With the warmer weather now upon us throughout much of Canada, our clients are becoming harder to track down as they extend their weekends and take advantage of time away at their cottage, cabin or vacation home.

Yet, the summer home can be fraught with emotional, tax and legal issues surrounding the ownership, use and ultimate transfer of the property to future generations.

Perhaps the biggest tax problem with vacation properties is the potential for large capital gains taxes if the property is sold, gifted to family members, or held upon the owner’s death. Poor planning could cost a lot of money and, in some cases, force the sale of a cottage that’s been in the family for generations.

Here are several easy and straightforward potential solutions and strategies for you to discuss with your clients this cottage season:

1. Improvements and renovations. It’s important to keep receipts for any improvements or renovations made to the property, as these expenditures can be added to the property’s adjusted cost base, thereby reducing the amount of capital gains tax payable upon sale, gift or death.

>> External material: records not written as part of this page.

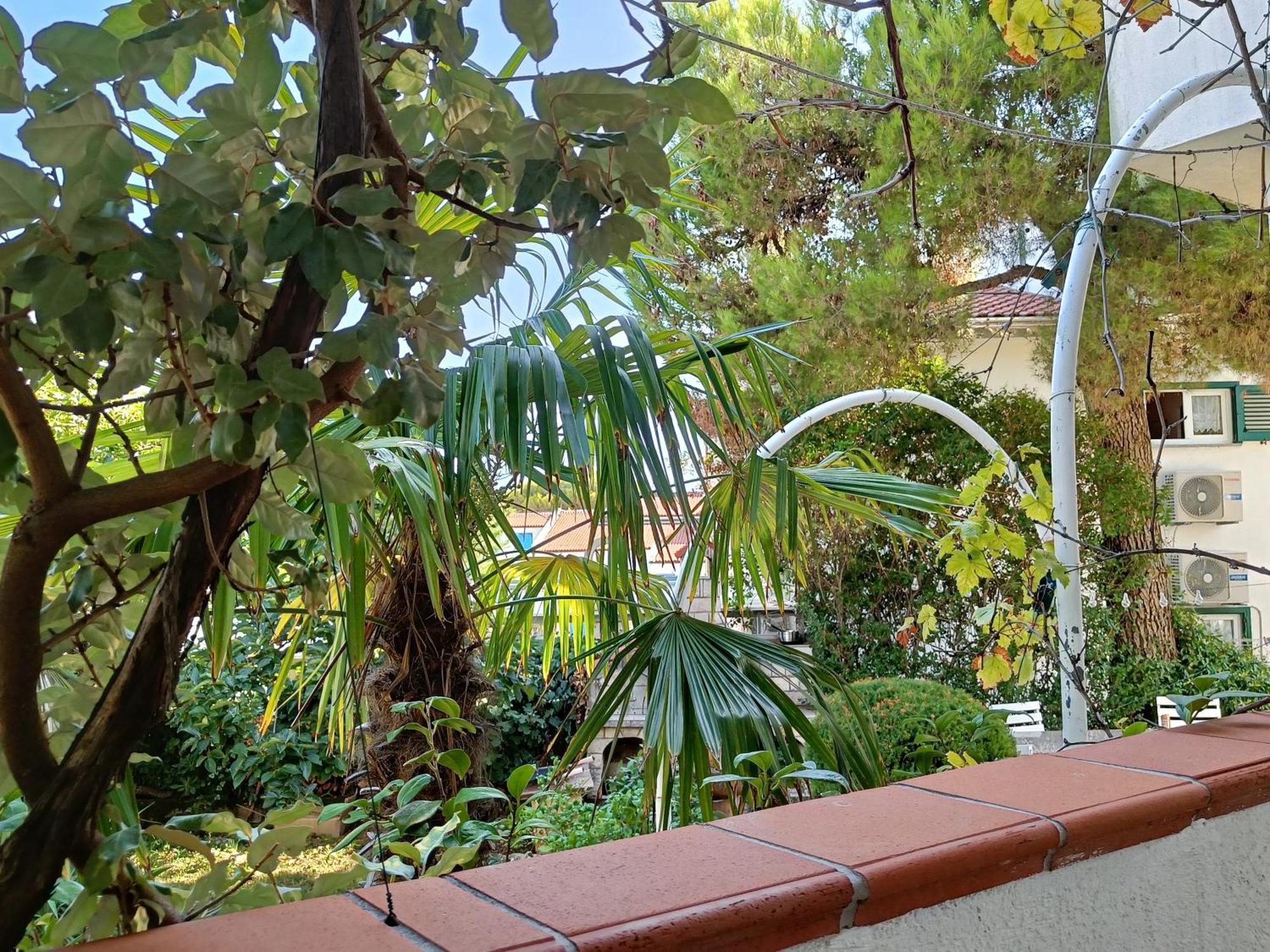 Casa Valsecca Hotel Krk Town Kültér fotó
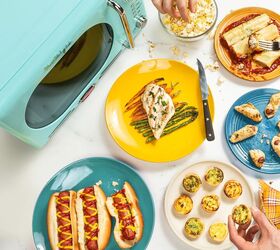 Best for Dorm Cooking: Microwave Vs. Mini Air Fryer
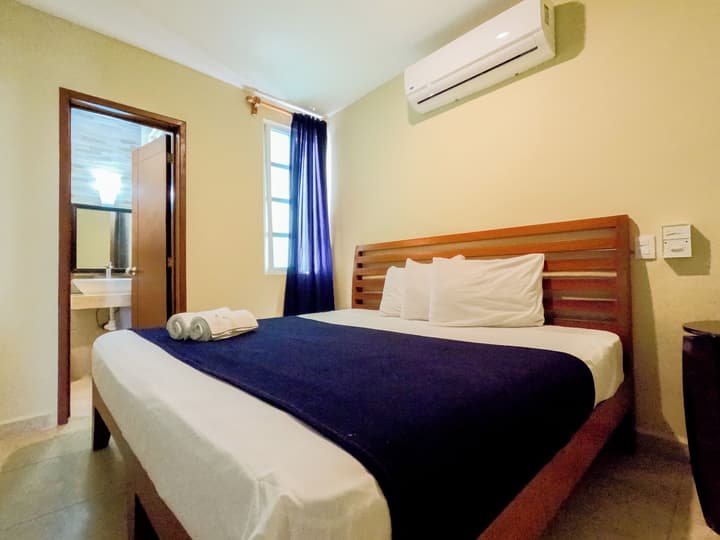 Progreso Beach Hotel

2. The principal residence exemption (PRE) can shelter the gain on a principal residence from capital gains taxes. Although a couple can only designate one property as their principal residence during any given calendar year, the property does not have to be located in Canada to qualify — as long as the individual who claims the PRE is a resident of Canada. Even if your client occasionally rents the property, a cottage can still qualify as a principal residence.

3. Trusts are commonly used to hold or purchase a vacation property because they prevent the “deemed disposition” of a property upon death, potentially deferring capital gains taxes until the trust’s beneficiaries — generally the children — sell or gift the property. It should be noted that transferring a property into a trust triggers immediate capital gains taxes if applicable.

4. PRE and trusts. The beneficiary of a family trust who receives a vacation property from the trust is deemed to have owned that property from the date the trust acquired it. This allows the beneficiary to use the PRE to shelter the gain from the date of original purchase or transfer into the trust — assuming the beneficiary didn’t own another principal residence during the same period.

5. Gifting. Parents may wish to give a vacation property to adult children while the parents are still alive. Although the parents will need to pay up now for the capital gains taxes accrued to date, future capital gains will accrue to the children, who may be able to use their own PRE to avoid taxation.

6. Life insurance. Finally, the purchase of a permanent life insurance policy to offset a property’s tax liability upon death can often be the cheapest and simplest solution. Even in provinces with relatively low tax rates, the cost of insurance often compares favourably to the cost of paying the capital gains taxes upon disposition —even if that’s many years away.